Exercise prompt - Beginning with the line that contains "Dino 246 GT", write out each remaining line of the records below exactly. Do not copy any picture.

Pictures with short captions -

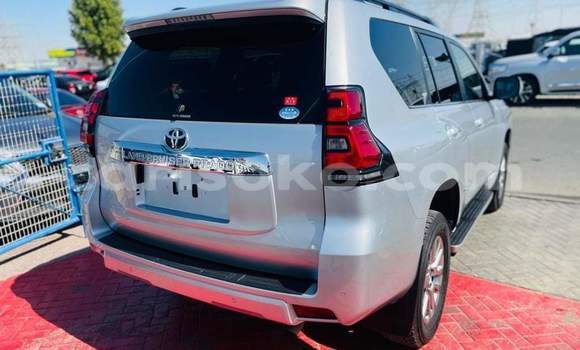 Buy Used Toyota Land Cruiser Prado Silver Car in Butare in Butare Buy Used Toyota Land Cruiser Prado Silver Car in Butare in Butare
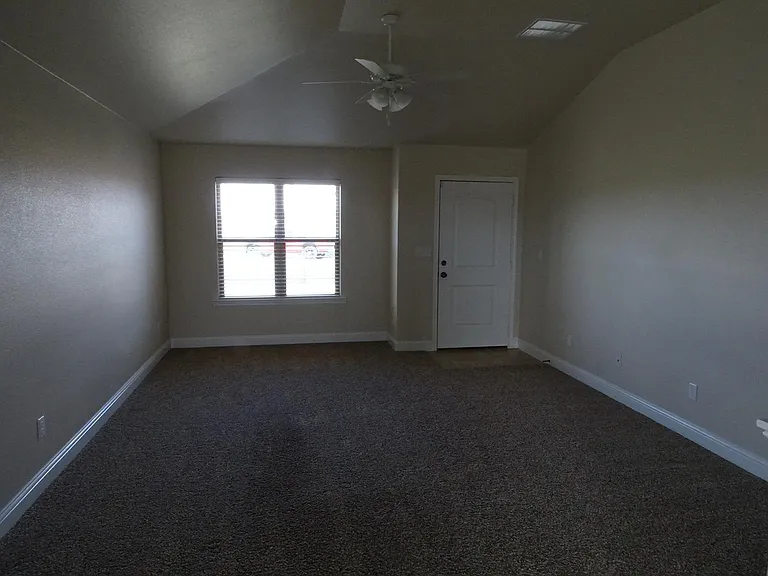 11107 Everett Ave — Photo 3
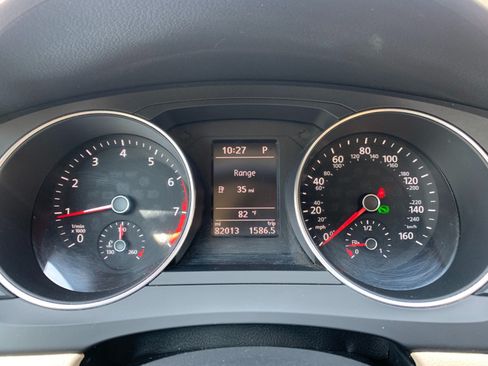 Used 2017 Volkswagen Jetta SE FWD image 15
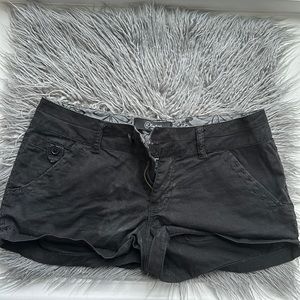 Black size 7 shorts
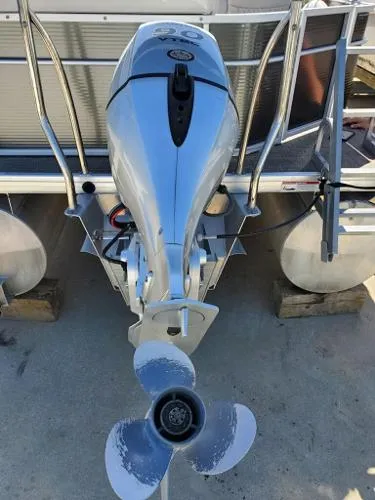 Slide: The Image of Sweetwater Pontoon SW 2286 FC 2017 - 2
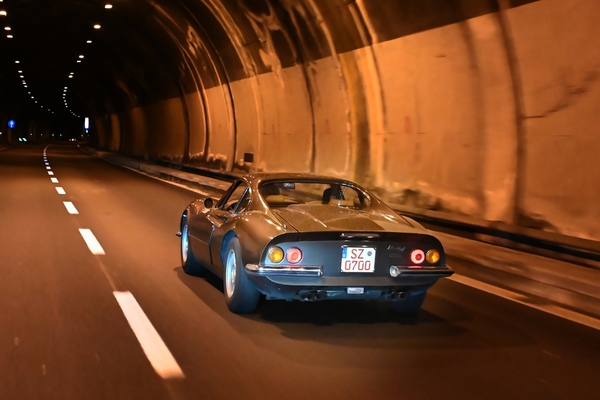 Dino 246 GT (1972) auf Reisen nach Bergamo 2024
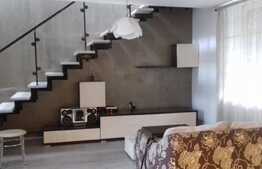 Casa insiruita, curte comuna, 140 mp utili, 300 mp teren, zona centrala!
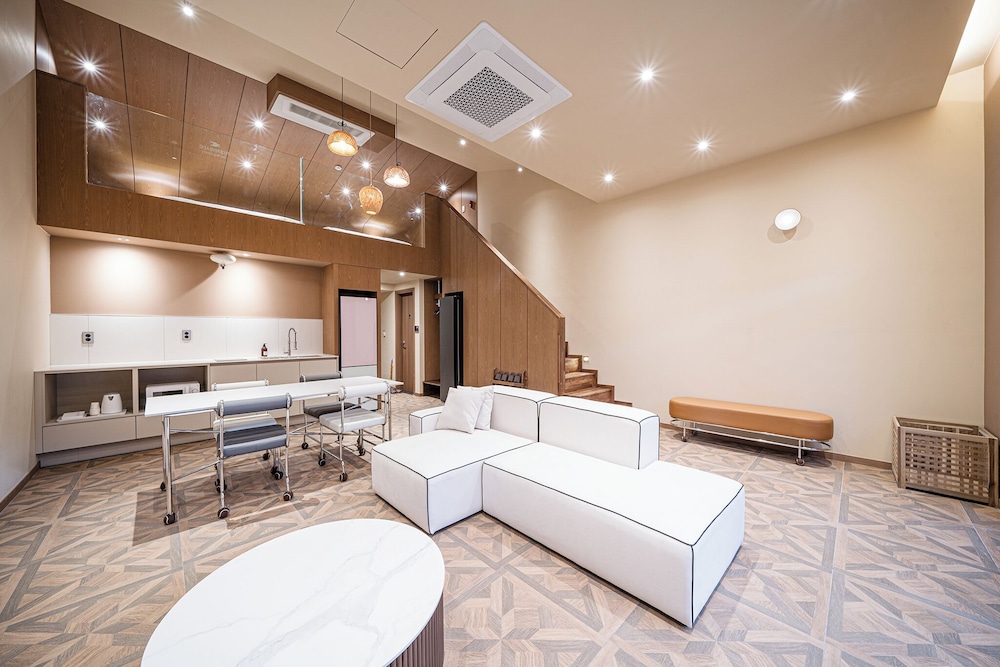 Signature Duplex photo 1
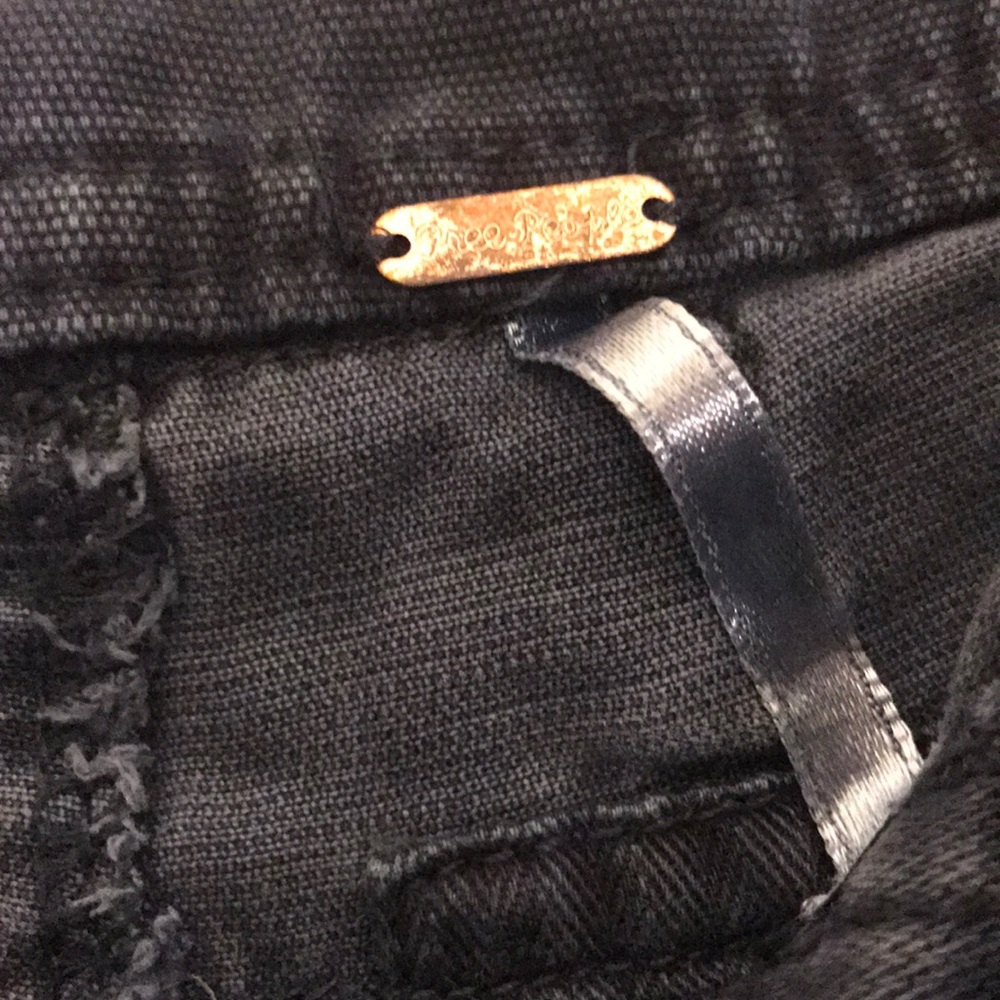 Women’s Shorts - Picture 4 of 4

Expected answer -
 Dino 246 GT (1972) auf Reisen nach Bergamo 2024
 Casa insiruita, curte comuna, 140 mp utili, 300 mp teren, zona centrala!
 Signature Duplex photo 1
 Women’s Shorts - Picture 4 of 4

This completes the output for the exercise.